At least consumers are opening their wallets. Retail spending in November rose 0.3% from the month prior and rebounded 18.2% from November 2020. Debit and credit card spend data from major banks reflect the trend. At Bank of America, debit and credit spend rose 20% and 28% in November, respectively, vs. the year prior.

FDIC Power Struggle Spills Into Public View

You’re probably already familiar with the outlines of this story. Dueling statements were released – one on the CFPB’s website and one on the FDIC’s – concerning a request for public comment regarding regulations tied to the Bank Merger Act. Republican-appointed FDIC Chair Jelena McWilliams has  blocked the Democratic appointed board members Rohit Chopra and Martin Gruenberg from publishing an RFI outside the FDIC’s normal protocols. The RFI proposed by Director Chopra and Martin Gruenberg seeks to review the effectiveness of the existing regulatory framework for meeting the requirements of the Bank Merger Act. 
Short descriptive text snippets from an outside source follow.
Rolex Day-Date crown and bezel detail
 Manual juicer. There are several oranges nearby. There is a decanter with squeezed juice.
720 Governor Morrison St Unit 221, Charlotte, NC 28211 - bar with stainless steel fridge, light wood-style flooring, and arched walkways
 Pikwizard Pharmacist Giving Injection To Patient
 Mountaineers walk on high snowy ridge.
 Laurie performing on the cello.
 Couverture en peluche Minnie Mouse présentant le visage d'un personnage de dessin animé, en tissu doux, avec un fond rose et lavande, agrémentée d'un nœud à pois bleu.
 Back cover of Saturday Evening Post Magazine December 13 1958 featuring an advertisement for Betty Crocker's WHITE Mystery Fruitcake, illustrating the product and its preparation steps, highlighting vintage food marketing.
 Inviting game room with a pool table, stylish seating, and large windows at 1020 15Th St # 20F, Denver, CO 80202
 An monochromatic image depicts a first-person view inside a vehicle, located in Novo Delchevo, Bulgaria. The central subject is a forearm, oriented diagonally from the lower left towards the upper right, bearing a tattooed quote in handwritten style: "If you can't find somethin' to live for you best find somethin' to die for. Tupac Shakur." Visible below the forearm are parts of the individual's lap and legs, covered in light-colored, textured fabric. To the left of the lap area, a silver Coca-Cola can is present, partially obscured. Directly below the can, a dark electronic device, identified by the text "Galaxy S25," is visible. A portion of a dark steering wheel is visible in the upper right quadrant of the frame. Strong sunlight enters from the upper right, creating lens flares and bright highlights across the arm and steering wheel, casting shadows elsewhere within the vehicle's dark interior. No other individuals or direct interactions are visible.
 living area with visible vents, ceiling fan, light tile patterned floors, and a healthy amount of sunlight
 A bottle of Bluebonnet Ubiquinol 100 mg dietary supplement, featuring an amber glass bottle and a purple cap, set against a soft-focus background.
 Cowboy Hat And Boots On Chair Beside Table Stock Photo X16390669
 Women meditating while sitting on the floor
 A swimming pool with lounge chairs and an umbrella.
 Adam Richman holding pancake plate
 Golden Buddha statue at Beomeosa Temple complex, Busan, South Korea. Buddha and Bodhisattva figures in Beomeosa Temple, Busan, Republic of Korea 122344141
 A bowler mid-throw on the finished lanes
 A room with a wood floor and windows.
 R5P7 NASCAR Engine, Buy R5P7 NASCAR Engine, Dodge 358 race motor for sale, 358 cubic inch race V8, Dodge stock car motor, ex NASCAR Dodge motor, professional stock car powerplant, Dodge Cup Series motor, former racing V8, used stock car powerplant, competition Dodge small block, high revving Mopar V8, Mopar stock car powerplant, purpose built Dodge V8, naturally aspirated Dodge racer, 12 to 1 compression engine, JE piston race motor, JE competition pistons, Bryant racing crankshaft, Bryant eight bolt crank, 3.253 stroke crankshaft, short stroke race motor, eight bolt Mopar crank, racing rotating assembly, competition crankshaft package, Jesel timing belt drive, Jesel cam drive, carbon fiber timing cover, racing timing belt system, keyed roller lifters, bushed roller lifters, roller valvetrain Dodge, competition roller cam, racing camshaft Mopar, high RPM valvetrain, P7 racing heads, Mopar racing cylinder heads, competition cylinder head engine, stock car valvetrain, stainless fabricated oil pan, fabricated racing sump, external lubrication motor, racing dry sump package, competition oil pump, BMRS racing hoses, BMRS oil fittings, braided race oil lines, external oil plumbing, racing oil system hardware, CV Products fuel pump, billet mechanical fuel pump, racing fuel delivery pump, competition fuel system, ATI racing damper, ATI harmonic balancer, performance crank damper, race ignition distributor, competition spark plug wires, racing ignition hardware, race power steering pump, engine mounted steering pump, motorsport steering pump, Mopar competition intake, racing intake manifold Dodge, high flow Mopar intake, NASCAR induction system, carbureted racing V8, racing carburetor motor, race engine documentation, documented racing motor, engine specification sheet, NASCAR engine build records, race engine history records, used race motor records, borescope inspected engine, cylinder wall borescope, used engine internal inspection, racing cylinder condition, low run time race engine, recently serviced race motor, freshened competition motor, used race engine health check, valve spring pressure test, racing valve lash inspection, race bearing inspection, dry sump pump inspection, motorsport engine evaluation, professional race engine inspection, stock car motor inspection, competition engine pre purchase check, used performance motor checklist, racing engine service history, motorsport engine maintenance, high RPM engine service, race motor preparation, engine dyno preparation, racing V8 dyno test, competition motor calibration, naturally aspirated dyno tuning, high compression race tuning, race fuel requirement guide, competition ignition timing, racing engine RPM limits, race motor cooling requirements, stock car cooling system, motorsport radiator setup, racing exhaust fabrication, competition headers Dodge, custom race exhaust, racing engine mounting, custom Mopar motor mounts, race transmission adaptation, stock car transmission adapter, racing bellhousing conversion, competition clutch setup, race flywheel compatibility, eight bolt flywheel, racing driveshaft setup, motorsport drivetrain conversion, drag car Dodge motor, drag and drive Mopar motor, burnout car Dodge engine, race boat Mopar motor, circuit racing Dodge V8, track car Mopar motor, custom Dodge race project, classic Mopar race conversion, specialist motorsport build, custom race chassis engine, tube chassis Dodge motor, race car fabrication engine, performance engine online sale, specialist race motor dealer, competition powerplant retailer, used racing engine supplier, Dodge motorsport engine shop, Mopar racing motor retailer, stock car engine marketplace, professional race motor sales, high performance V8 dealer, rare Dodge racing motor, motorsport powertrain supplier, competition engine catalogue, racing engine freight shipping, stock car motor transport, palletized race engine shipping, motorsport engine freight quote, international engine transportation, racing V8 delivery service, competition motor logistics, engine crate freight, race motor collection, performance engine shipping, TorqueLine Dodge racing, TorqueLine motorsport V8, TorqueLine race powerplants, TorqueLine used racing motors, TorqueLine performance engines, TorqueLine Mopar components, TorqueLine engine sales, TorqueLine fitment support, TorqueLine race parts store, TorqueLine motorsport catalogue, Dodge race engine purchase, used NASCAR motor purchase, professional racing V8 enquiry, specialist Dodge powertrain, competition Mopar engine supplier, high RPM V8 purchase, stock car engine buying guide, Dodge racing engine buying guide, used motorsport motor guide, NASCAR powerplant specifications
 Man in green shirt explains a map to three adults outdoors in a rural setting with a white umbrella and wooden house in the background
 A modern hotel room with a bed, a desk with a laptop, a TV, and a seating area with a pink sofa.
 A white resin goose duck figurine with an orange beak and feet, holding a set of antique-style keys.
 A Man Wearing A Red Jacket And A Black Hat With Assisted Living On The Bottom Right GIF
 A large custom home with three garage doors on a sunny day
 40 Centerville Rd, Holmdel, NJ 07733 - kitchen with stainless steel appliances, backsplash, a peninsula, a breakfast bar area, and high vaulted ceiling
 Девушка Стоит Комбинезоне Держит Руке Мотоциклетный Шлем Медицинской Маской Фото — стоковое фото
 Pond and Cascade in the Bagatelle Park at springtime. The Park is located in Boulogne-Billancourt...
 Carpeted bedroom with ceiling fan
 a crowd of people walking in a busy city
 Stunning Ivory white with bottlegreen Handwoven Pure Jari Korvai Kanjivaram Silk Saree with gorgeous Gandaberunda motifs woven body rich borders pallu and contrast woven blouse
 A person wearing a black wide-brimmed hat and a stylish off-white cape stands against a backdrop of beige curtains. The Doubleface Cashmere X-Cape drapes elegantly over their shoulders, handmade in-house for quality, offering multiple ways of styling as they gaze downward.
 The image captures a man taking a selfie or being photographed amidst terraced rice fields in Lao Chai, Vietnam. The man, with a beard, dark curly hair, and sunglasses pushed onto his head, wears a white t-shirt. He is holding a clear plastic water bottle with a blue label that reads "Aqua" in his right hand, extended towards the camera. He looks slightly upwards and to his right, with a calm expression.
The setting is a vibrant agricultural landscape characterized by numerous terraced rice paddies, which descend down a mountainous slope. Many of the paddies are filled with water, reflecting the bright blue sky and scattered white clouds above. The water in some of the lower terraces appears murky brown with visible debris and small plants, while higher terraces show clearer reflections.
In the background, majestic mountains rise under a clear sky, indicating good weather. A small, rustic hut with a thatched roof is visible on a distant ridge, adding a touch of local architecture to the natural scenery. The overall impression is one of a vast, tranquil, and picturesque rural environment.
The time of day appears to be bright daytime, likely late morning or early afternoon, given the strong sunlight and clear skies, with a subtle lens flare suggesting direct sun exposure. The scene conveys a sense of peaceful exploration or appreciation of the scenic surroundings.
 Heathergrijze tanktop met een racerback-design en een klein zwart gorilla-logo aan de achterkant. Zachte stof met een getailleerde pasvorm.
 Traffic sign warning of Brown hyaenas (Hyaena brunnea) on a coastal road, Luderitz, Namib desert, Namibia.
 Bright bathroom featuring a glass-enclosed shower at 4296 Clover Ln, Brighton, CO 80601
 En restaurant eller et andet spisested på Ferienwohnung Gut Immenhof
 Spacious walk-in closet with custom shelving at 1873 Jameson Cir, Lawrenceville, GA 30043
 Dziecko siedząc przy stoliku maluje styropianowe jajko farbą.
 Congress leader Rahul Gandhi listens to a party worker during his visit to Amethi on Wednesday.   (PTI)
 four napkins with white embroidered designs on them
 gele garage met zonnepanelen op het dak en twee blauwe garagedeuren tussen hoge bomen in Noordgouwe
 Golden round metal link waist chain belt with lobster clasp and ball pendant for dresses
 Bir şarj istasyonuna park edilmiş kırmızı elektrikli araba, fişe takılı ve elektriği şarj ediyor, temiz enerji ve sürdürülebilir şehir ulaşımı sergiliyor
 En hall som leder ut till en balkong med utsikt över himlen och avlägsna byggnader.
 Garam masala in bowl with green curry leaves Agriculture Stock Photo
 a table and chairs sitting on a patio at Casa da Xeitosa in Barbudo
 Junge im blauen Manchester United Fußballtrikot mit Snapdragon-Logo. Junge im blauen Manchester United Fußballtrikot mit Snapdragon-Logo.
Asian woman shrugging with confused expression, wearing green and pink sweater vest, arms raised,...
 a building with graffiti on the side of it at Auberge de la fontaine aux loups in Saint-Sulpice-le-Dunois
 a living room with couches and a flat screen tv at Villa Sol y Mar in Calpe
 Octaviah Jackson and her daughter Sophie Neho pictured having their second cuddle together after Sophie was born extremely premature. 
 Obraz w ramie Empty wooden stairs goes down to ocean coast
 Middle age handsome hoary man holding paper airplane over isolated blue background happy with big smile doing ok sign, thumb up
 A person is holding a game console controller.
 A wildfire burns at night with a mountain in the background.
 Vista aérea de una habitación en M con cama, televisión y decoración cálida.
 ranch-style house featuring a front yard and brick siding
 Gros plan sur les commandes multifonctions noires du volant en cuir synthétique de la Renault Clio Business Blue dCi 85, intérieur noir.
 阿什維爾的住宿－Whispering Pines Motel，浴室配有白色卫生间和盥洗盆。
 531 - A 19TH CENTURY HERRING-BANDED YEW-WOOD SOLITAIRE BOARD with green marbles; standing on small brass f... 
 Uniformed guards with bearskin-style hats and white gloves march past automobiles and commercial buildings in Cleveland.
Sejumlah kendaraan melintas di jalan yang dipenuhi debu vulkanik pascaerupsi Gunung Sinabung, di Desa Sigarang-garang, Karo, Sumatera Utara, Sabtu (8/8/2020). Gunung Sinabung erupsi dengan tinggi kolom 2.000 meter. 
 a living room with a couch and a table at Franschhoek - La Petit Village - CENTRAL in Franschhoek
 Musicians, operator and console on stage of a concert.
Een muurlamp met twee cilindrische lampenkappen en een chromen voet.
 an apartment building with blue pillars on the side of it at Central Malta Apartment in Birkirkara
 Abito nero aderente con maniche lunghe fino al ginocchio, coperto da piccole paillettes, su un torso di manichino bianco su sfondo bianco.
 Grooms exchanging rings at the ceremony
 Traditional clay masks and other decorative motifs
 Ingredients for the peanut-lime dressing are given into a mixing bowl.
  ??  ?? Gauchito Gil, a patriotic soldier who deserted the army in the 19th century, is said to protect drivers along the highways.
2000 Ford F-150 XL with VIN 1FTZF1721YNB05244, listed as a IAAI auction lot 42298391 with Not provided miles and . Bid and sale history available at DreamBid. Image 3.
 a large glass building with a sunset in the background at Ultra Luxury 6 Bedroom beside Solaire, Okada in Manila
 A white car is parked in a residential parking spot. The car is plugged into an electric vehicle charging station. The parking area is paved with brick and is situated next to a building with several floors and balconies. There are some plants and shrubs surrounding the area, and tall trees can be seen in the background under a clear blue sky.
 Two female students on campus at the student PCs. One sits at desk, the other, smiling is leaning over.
The RFI and accompanying statement make two key arguments justifying increased scrutiny of bank mergers. First, that continued concentration in the banking sector increases systemic risk. And second, that mergers lead to branch closures and may potentially negatively impact access to financial services and credit, especially for workers, farmers, small business, startups, and consumers.

Systemic risks are already well-addressed through a variety of mechanisms, including stress testing, capital ratio requirements, and liquidity coverage rules. Regulators have further options, in that they can designate specific institutions as “systemically important,” triggering additional requirements.

The branch argument is a bit misleading, if not an anachronism. While bank consolidation began in earnest in 1985, the number of bank branches continued rising, not peaking until 2012, at nearly 83,000 branches. The decline in bank branches since then owes more to the rise of digital banking channels than it does to bank mergers. And as Chime’s recent partnership with Walgreens demonstrates (see below), the private market is continuing to iterate to develop new, efficient solutions to meet consumers’ banking needs, both online and in-person.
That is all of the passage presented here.